Interpersonal trust, I argue, exists in relations between role-occupants. This framework accommodates diverse social relations – personal (lovers, parent-child, etc.) and impersonal (citizens, caste-members, etc.) – and norms of those roles and role-relations. It explains how trust interacts with different relational dynamics.

Departing from the standard accounts, I advance a novel role-based theory of generalized social trust. Social roles are often constitutively incommensurable with one another, consequently they cannot be ranked on any cardinal value scale. Trust in one role, accordingly, is not entirely commensurable with that in another. My account preserves the diversity of interpersonal trusts while identifying the features common to all. Involving social scientific literature, I explain how social trust underpins political trust and trust in economic exchanges. Given that trustworthy institutions are important for sustaining social trust, I also explain how institutions can become trustworthy – both internally and to outsiders.

The diversity of interpersonal trust gets blurred once we understand interpersonal trust and trustworthiness as involving only one motivation. I argue against some monistic accounts in first two sections.

From section three onwards, I focus on the claim that self-interest to maximize aggregate utility is the necessary motive for trustworthiness.Rational’ self-interest is one among many market ideals.
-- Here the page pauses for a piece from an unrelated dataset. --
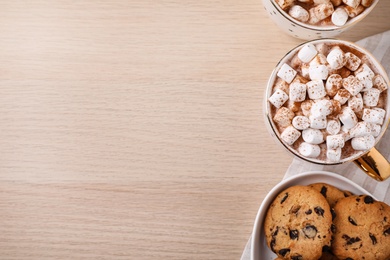 Photo of Hot drink with marshmallows and cookies on wooden table, flat lay. Space for text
Hence, engaging with the works in classical, Austrian, and neoclassical economics I critically examine defences of certain cardinal market ideals.

Having already argued that social relations, and trust involved in those, are often constitutively incommensurable, I lastly argue against accounts which claim that self-interestedness is the necessary motive for trustworthiness. I argue:

  • material incentives are not necessary for trustworthiness – incentivising, moreover, could be coercive,
  • social norms are often followed without coercion or self-interest,
  • following Aristotle’s discussion of utility and pleasure-friendships, seeking either utility or pleasure is wrong as a motivation for trustworthiness in personal relationships.

In the final year of PhD, I wish to complete writing final drafts of sections three and four.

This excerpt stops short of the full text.